The performer displays, by spreading the cards between his hands and showing one side and then the other, ten pairs of cards that have been glued back-to-back. Thus, they are shown to be a random mixture of twenty playing cards. The performer has a spectator cut the packet several times. Finally, the performer turns the cards face up and face down, further mixing them in a haphazard fashion.
The performer deals five cards to one spectator and five to another. He explains to the audience that in a moment he will spell a phrase, one letter at a time. Selecting a spectator in the audience, the performer states that as he spells the phrase, he wants the third spectator to point to either of the two volunteers who are holding a packet of five cards each. This gesture, he explains, will be a signal to the spectator who has been selected, to "duck" one card from the top of his packet to the bottom. The third spectator is to continue randomly pointing at either of the two packet-holding spectators until four words have been spelled.
The performer spells the word, W-I-L-L. As the spectator in the audience points, the designated volunteer "ducks" a card. When the word has been completed, the performer asks each of the two spectator holding cards to deal him the top card of their respective packets. The performer notes that two odd cards have been paired. He places them together on the table.
The performer spells a second word, T-H-E. Again, the spectator in the audience designates which volunteer is to "duck" a card for each letter in the word. When the word has been completed, the spectators deal the top card of their respective packets to him. Once more, the performer notes that the pair consists of two odd cards, and deposits them next to the first pair.

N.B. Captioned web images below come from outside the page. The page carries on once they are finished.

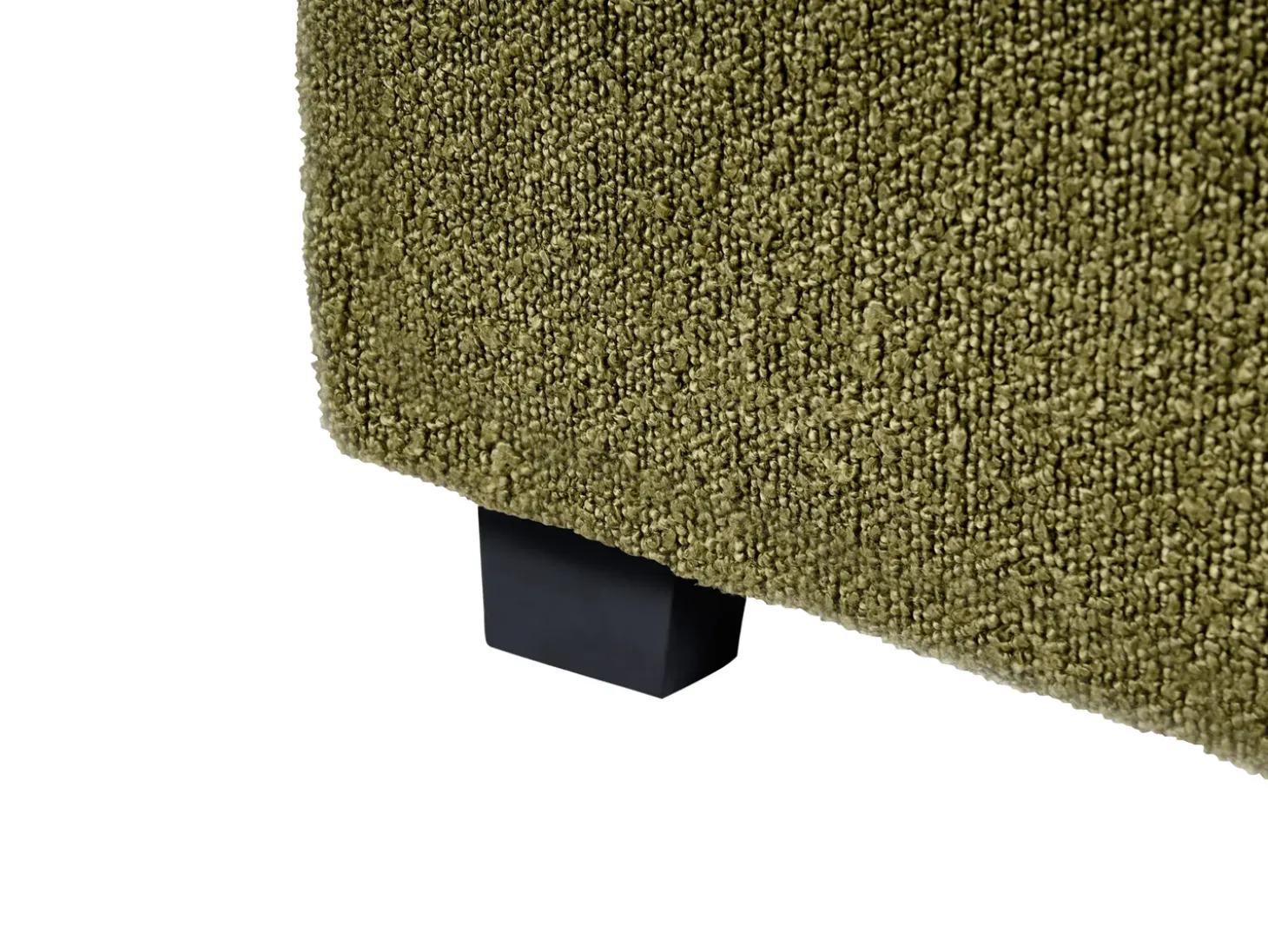 Discount Boucle VAUCLUSE 180 x 200 cm Oliwkowy Łóżka Wodne|Łóżka Podwójne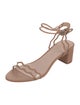 Loeffler Randall Leather Scalloped Accent Sandals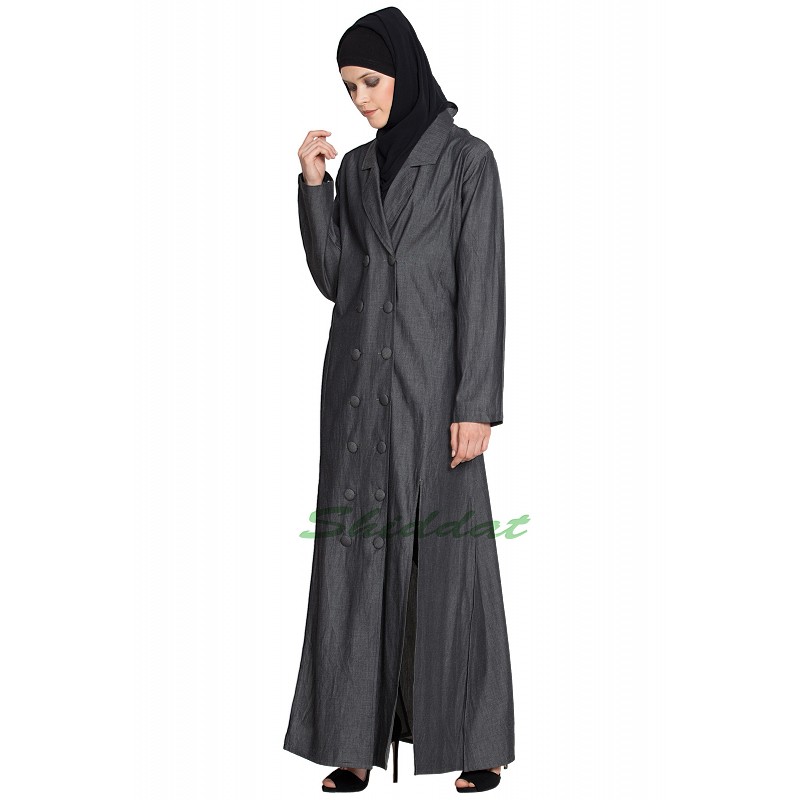 Denim deals abaya online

This same procedure is followed with two more words, C-A-R-D-S and M-A-T-C-H. As each word is finished, the two volunteers once again deal the top card of their respective packets to the performer who places them in the row on the table. There are now four pairs of odd cards on the table. The performer takes the remaining card from each of the two volunteers and places them on the table as the fifth pair. The performer notes that, despite the spelling of the mystical phrase, "Will the cards match?" they obviously do not.
Now the performer explains that despite the unfortunate glitch, he will show everyone something that's truly amazing. Turning over each of the five pairs of cards on the table (keeping each pair in tight alignment), it is seen that somehow, despite all the mixing, cutting and random "ducking" of the cards as directed by a member of the audience, there on the table is a Club straight flush! The performer comments that a straight flush is an excellent poker hand, however, the phrase that was spelled had nothing to do with poker. It asked the question, "Will the cards match?"
With that, the performer slides each pair of cards apart and lo and behold the five pairs of cards match perfectly. The second set is a straight flush in Spades!